NEMO Obi 3P ReviewJuly 5, 2013
- Excellent ventilation
- Two roomy vestibules
- Two doors
- Narrow for three
- Susceptible to sideways rain
A really nice summer backpacking tent that we would be nervous to use in shoulder seasons where the excellent ventilation may become an issue with weatherproofness. Lightweight comes at the expense of interior room, and this is probably better as a roomy two-man tent.
A uniquely shaped lightweight tent using Nemo’s top shelf materials.
Nemo wanted to cut material without sacrificing too much shoulder room so they shaped the Obi like a water droplet to create more head room at one end and then tapering down to the other. The result is extra elbowroom where you need it. and none where you don’t. In the tent, that translates to equivalent livable space. At 62 inches across it’s snug, but doable for three men. Two vestibules add extra livability. The middleman does need to step over one of his tent mates to get out, but it’s a small price to pay for this kind of weight.
The second lightest weight tent in the test, with shoulder room and packability equal to the other lightweight options we tested.
While the double hub pole set up is simple and fast to set up, the Jake’s Foot attachment points weren’t. These are little bindings the pole ends fit and the vestibule attaches to.
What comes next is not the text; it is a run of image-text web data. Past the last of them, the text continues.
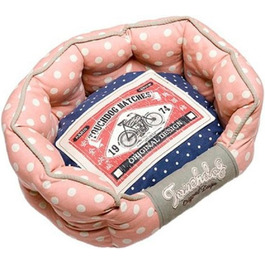 Крісло-лежанка для собак TOUCHDOG овальної форми, рожево-блакитне, 55x49x23 см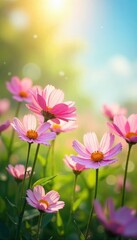 Fototapeta premium Pastel-colored flowers bloom in a sun-drenched meadow, a gentle breeze rustling through the petals; a scene of idyllic, tranquil beauty, radiating pure, unadulterated joy , pastel, idyllic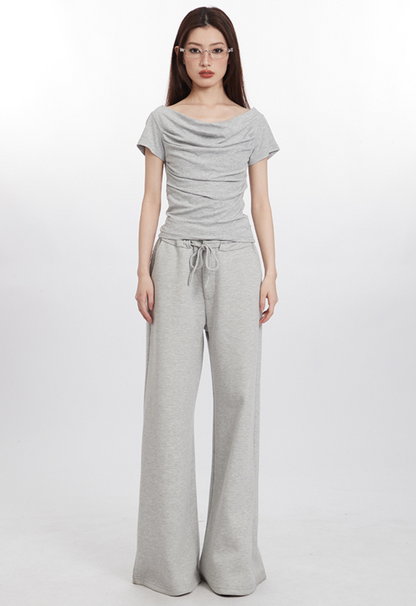 Cardydony Women's Draped Off-Shoulder Slim-Fit Crop Top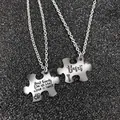 Silver stainless steel puzzle piece friendship necklace with engraved 'Best Friends' quote - Puzzle Piece Pair / Silver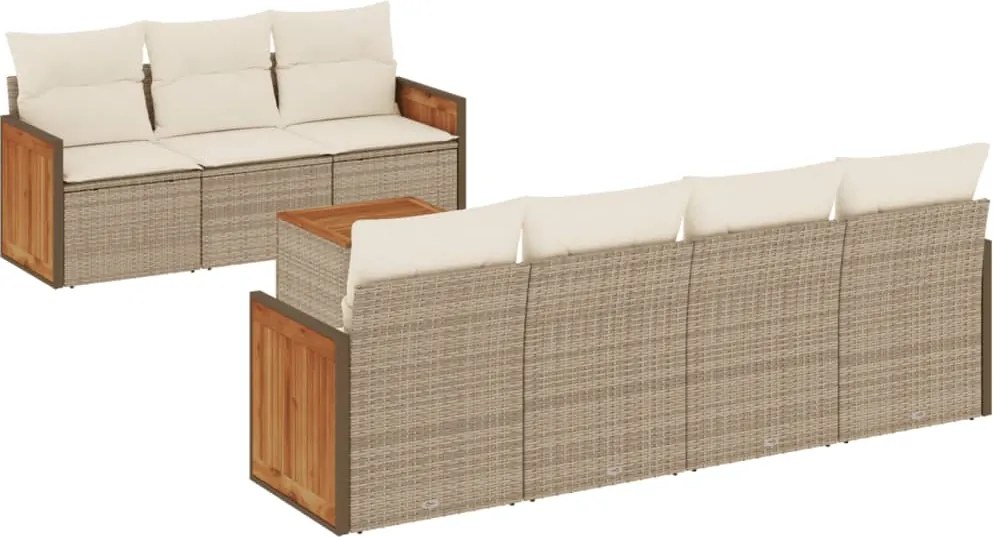 vidaXL Set canapele de grădină, 8 piese, cu perne, bej, poliratan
They are light and compact, but we found they regularly filled up with sand and dirt making set up tricky and would sometimes spontaneously pop out on set up and take down. The fly is a little tight, making it tough to get on.
For storm protection, we look for a fly that extends to the ground. The Obi’s has a cut out at the head-end of the tent to help with ventilation, but we think this could be in issue in really nasty weather, allowing sideways blows to mist the interior of the tent. You’ll want to keep the wind direction in mind when setting up the tent. Despite the overall use of lightweight materials—10 denier nylon for fly and 20 denier for the floor—Nemo assures us durability won’t be an issue because of the material’s extra high tensile strength. Indeed, after heavy use through a late summer and fall sea kayak guiding on Vancouver Island’s we(s)t coast it didn’t show a scratch. A bathtub floor and high doors ensures no leaking from below.
Despite trimming every bit of fat, Nemo still left some nice conveniences behind, like a light diffusing pocket in the roof that turns a headlamp’s concentrated rays into a roomful of light; attachment points for drying line or gear loft; big vents to reduce condensation issues. The tent doors are high off the ground and small—great for waterproofness but not for ease of entry.
Because we’d be nervous to use this in nasty weather and the interior room is narrow, we have to knock a few points in value. That said, for two people, who mostly camp in dry places this would represent excellent value.